EN 13480-3, however, uses a more lenient statement (should). Such analyses are typically described with the acronym SAM – Seimic Anchor Movement, although they apply not only to fixed points but also to supports with line guise and line stop functions. Of course, they do not apply to rest functions.

First, I'll return to the SAM static analysis, which is the most common approach. The decision to use statics or dynamics is left to the designer. The model looks as follows: The entire structure is divided into three SIB (Seismic Interface Barrier) segments, the horizontal section being the viaduct, and the vertical section being the approach to the building.

Pipe specification: DN 100 (4'), 6.02mm (STD). The medium is water. A horizontal seismic acceleration of 0.2g and a vertical seismic acceleration of 0.1g was assumed. The vertical section height was 8m. The temperature was 100C and the pressure was 1 MPa.

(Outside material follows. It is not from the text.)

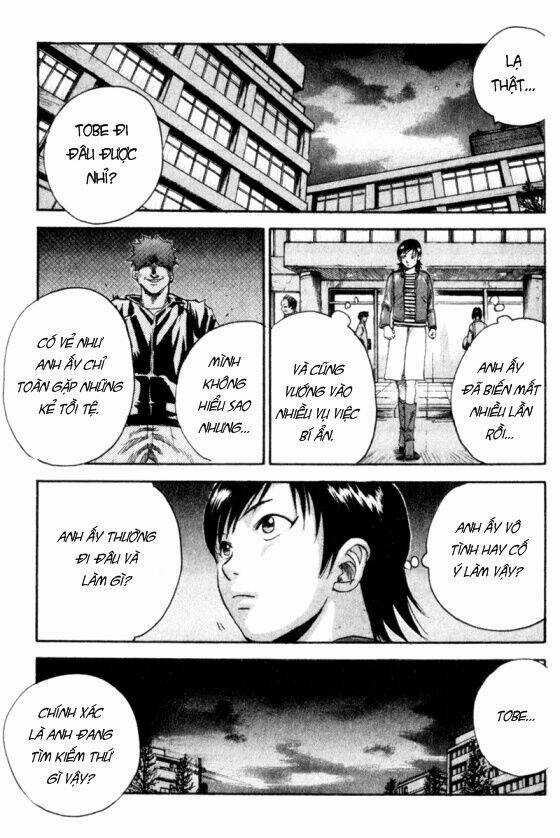 Thanh Ma Kiếm Huyền Thoại Chapter 28 trang 15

The seismic displacement was determined according to applicable rules, which I will not describe now: NSEW overpass level = 5mm, NSEW building entrance level = 40mm. No seismic rotation at the supports was assumed.

To verify that the correct directions have been chosen, it's worth viewing the displacement results. If all is well, the SIBs will change their displacement direction.

The result of the static SAM analysis in AutoPipe for the fixed point upstream of SIB 1 is as follows. The code stress is 40.8 MPa.

Regarding Caesar, the situation is less convenient. All seismically movable supports must be equipped with Cnodes. For the same point, the stress was 47.6 MPa.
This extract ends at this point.